Joey's IFComp 2021 Reactions

The daughter, by Giovanni Rubino

The daughter is a very mysterious game, and I’m not sure what to make of it. The concept - queer utopian sci-fi mystery about the apparent murder of the first child born in millennia - sounds excellent and gave me the impression that there could be some pretty high-concept stuff going on.

The writing is very opaque. This is partially because apparent spelling and grammar mistakes abound. Most of them aren’t bad enough to obscure the meaning of what’s going on, but occasionally I was left scratching my head, wondering “huh?” At the same time, something hard-to-understand is going on with the viewpoint character. Either their pronouns keep changing from one moment to the next, or we keep briefly switching over to different viewpoint characters. I couldn’t tell which. I got the gist of the story, but it’s safe to say that it was not easy to read, and many details probably eluded me.

The story is very short, cutting off in the middle of a scene with no warning and no acknowledgement of an ending.

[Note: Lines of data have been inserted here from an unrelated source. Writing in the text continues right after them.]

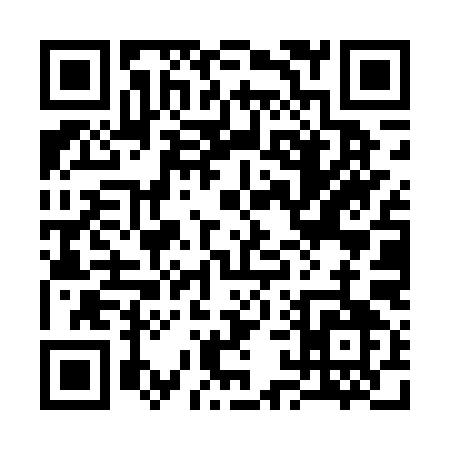 QR code for 314TY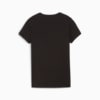 Imagen PUMA Polera para mujer ESS+ Script #2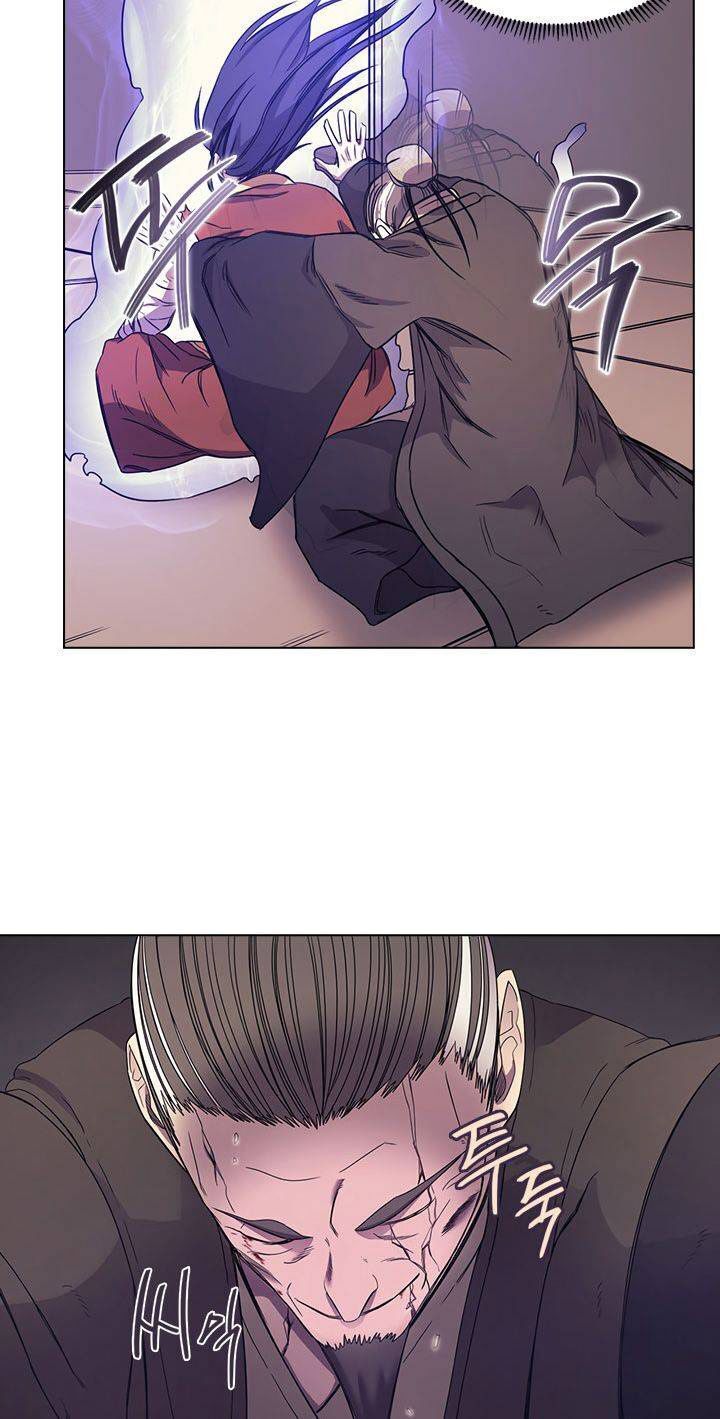 Biên Niên Sử Của Thiên Quỷ Chap 113 - Next Chap 114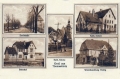 nowe-28271.jpg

The links to proceed are just mysteriously missing.

On the surface, this feels like an unpolished and unfinished game, and maybe that’s exactly what it is. But I have to wonder if there’s something else going on here.

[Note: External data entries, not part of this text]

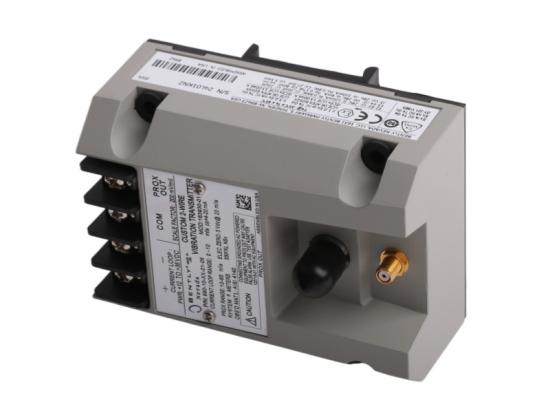 Bently Nevada 990-05-XX-01-00 MOD：167577-07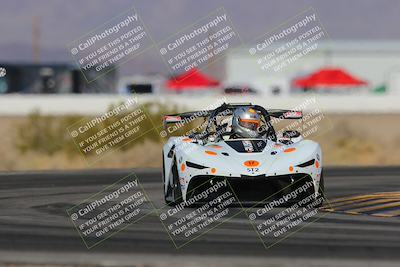 media/Mar-30-2025-Pro Autosports (Sun) [[34ff8f16e0]]/4-Yellow Group/Session 1 Turn 4/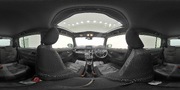360°物件画像1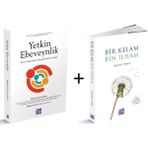 Yetkin Ebeveynlik - Bir Kelam Bin İlham 2 Kitap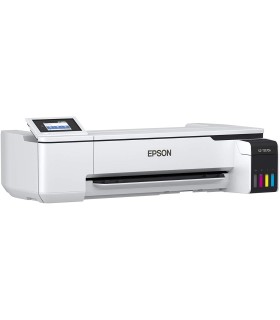 Epson SureColor T3170x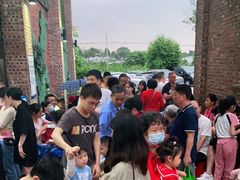 -石岐乳鸽村(南海第三分店)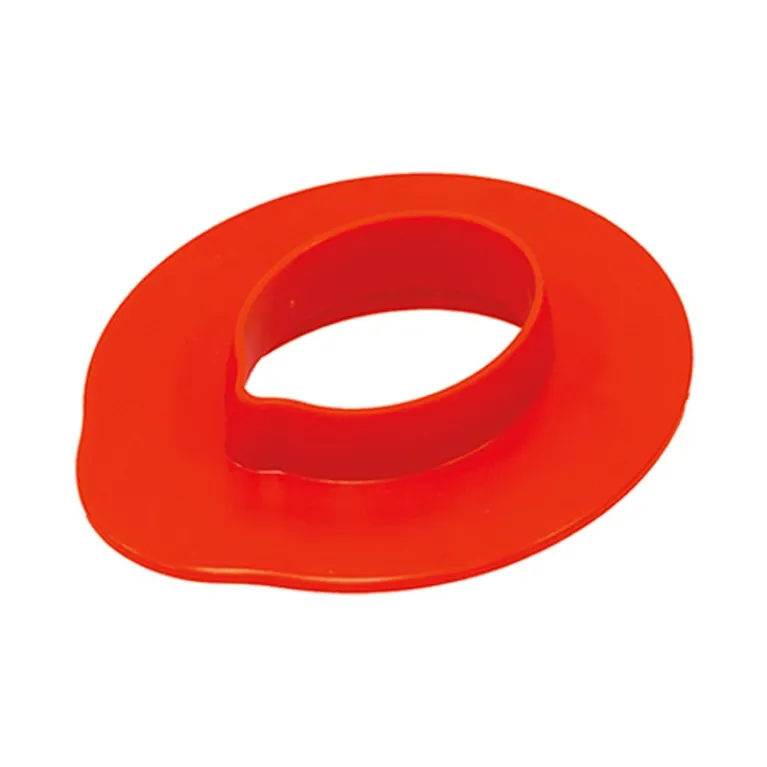 Limone & Lime30 silicone mould 55 x 38 x 27 mm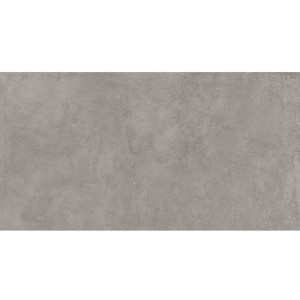 Cifre Nexus Pearl Mate Rect. 30x60 płytki betonowe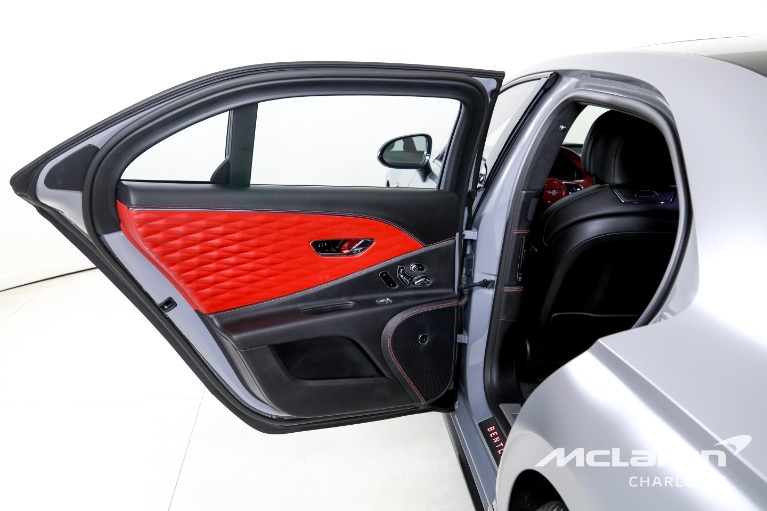 Used-2023-Bentley-Flying-Spur-S-V8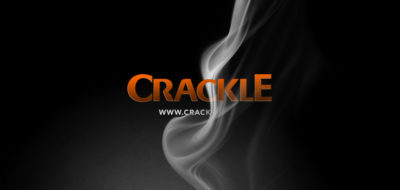 Totalplay contará con la oferta de Crackle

A word of caution. While I fully intend to rate this (and every other entry I judge) solely based on what is “on the page,” the following observations go beyond that to discuss a few broader points about The daughter, which I felt was necessary in my attempt to understand the work more clearly. If you also wish to judge this entry independently of any information from beyond the text itself, you may prefer not to continue reading this reaction until you’ve done so.

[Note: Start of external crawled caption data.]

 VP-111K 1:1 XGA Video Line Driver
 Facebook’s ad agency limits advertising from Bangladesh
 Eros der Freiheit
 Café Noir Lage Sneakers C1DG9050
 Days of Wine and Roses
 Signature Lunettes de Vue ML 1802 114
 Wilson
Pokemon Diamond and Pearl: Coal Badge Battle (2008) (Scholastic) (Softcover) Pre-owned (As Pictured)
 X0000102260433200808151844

There were two things that I wanted to look into, outside the text as it is presented to us.

First, it occurred to me that the abrupt ending might be a bug - maybe more was written, but the option to proceed had unintentionally failed to display. Probing through the source files, I found that this is not the case. There is no inaccessible material in the game; what you see is what you get.

Second, I wondered whether the apparent writing errors might have been intentional, a possibility which other reviews have already raised. I followed the link provided to the author’s Twitter, and from there to his itchio page, where several other games are available. From this it became apparent that the author has written plenty in correct, fluent English.

The way I see it, these two observations raise more questions than they answer. Perhaps the simplest explanation is that the work was assembled in extreme haste and submitted without being finished or proofread, maybe due to time constraints? But the technical errors are too consistent to be mere typos, which inclines me to think that the writing might be intended to simulate a far-future version of the English language that does not conform to our contemporary rules. This would not explain the abrupt ending, however. Maybe the truth includes all of the above. Or maybe everything is as it is intended to be - for what reason, I dare not speculate.

Anyway, I’d be very curious to hear others’ takes on what might be going on here, if indeed there are more players who share my intuition that some of the apparent problems might be intentional features of a work that I have yet to fully comprehend.